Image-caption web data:
'''

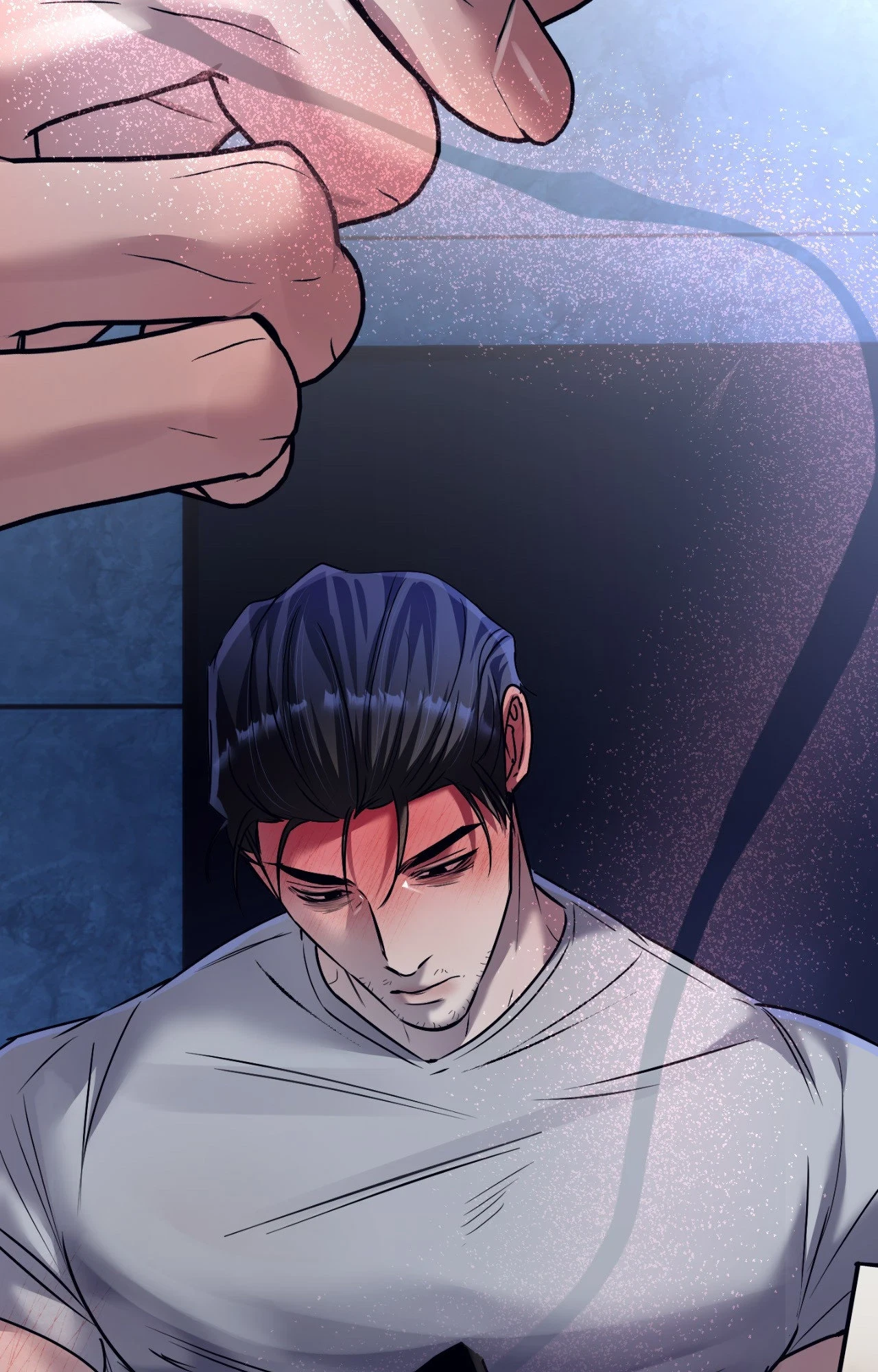 Chapter 38, page 79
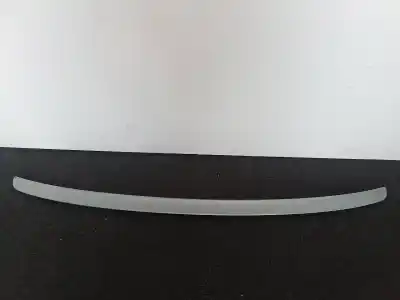 Peça sobressalente para automóvel em segunda mão spoiler da tampa da mala por bmw serie 3 compact (e46) 316ti m sport referências oem iam 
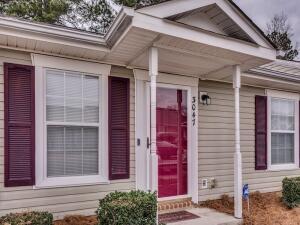 Building Photo - 3047 Abba Dr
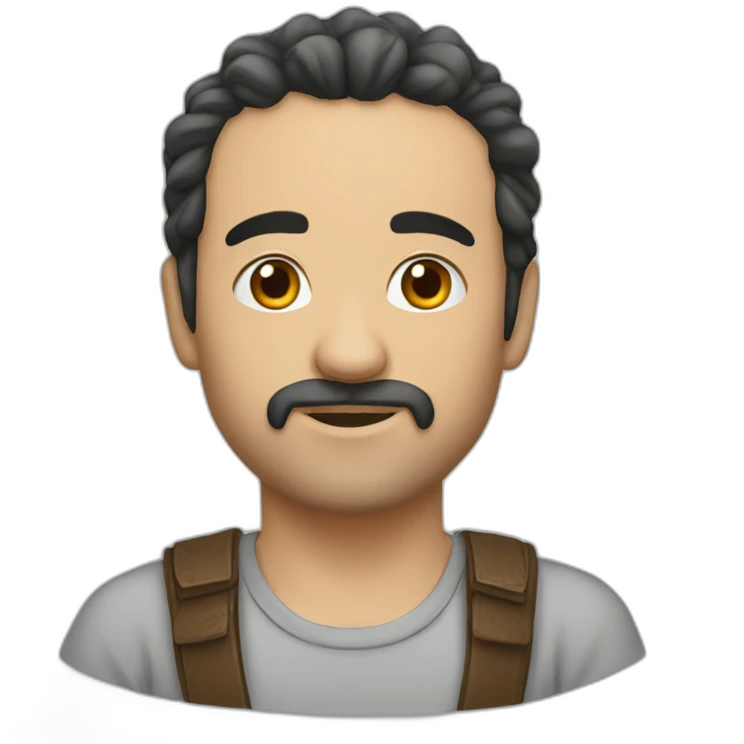 murat 131 emoji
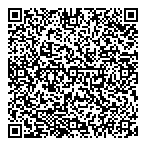 Fion Beauty Supplies QR Card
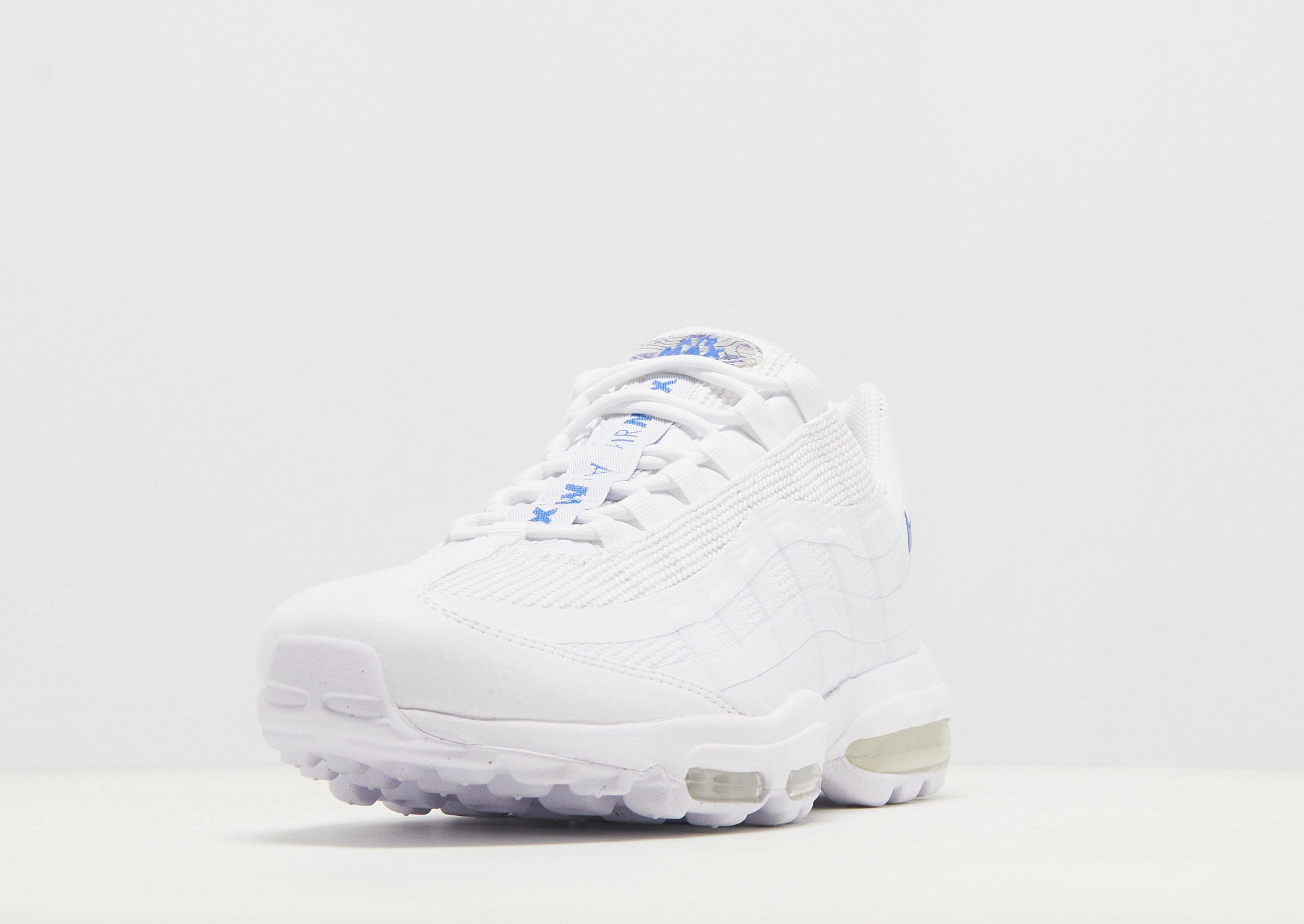 סניקרס Air Max 95 Ultra | גברים
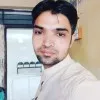 hiren sarvan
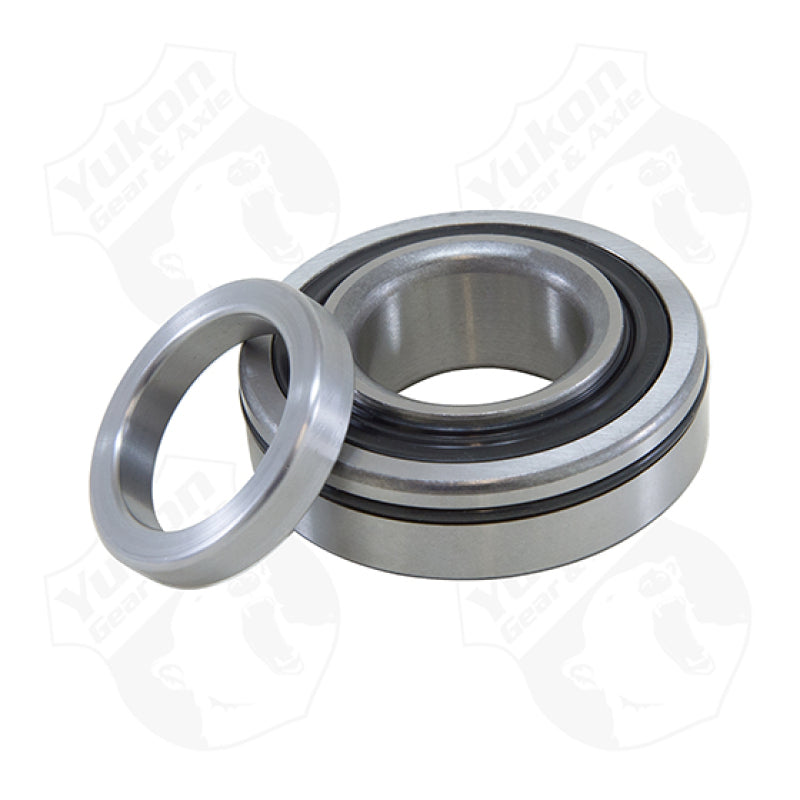 Yukon Gear Axle Bearing For 9in Ford - GTR Auto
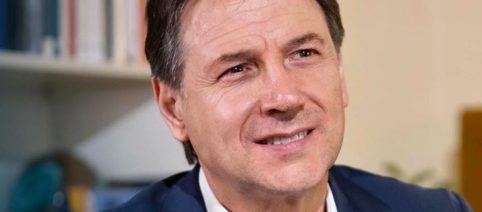 Elezioni regionali Puglia: nel comune natale di Giuseppe Conte, il M5S è al 71%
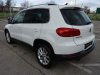 Slika 3 - VW Tiguan 2.0 tdi  - MojAuto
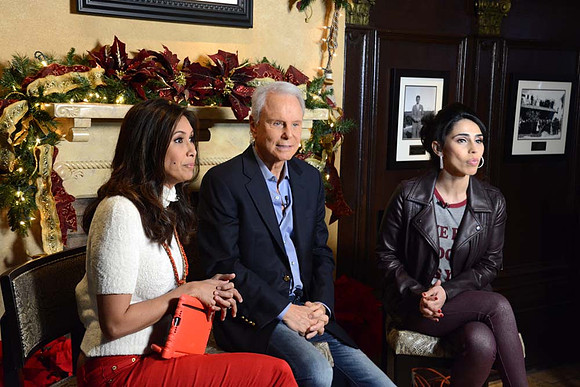 MJE_2392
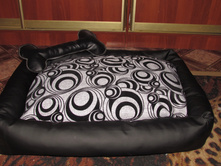 ������� 65�75 � �������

'''

◆ **EXERCISE DETAILS**
Please print all the data above word for word. Pictures should not appear in the copy.

◆ **EXERCISE RESULT**
 Chapter 38, page 79
 Peça sobressalente para automóvel em segunda mão spoiler da tampa da mala por bmw serie 3 compact (e46) 316ti m sport referências oem iam 
 Building Photo - 3047 Abba Dr
 murat 131 emoji
 Fion Beauty Supplies QR Card
 סניקרס Air Max 95 Ultra | גברים
 hiren sarvan
 Yukon Gear Axle Bearing For 9in Ford - GTR Auto
 Elezioni regionali Puglia: nel comune natale di Giuseppe Conte, il M5S è al 71%
 Slika 3 - VW Tiguan 2.0 tdi  - MojAuto
 MJE_2392
 ������� 65�75 � �������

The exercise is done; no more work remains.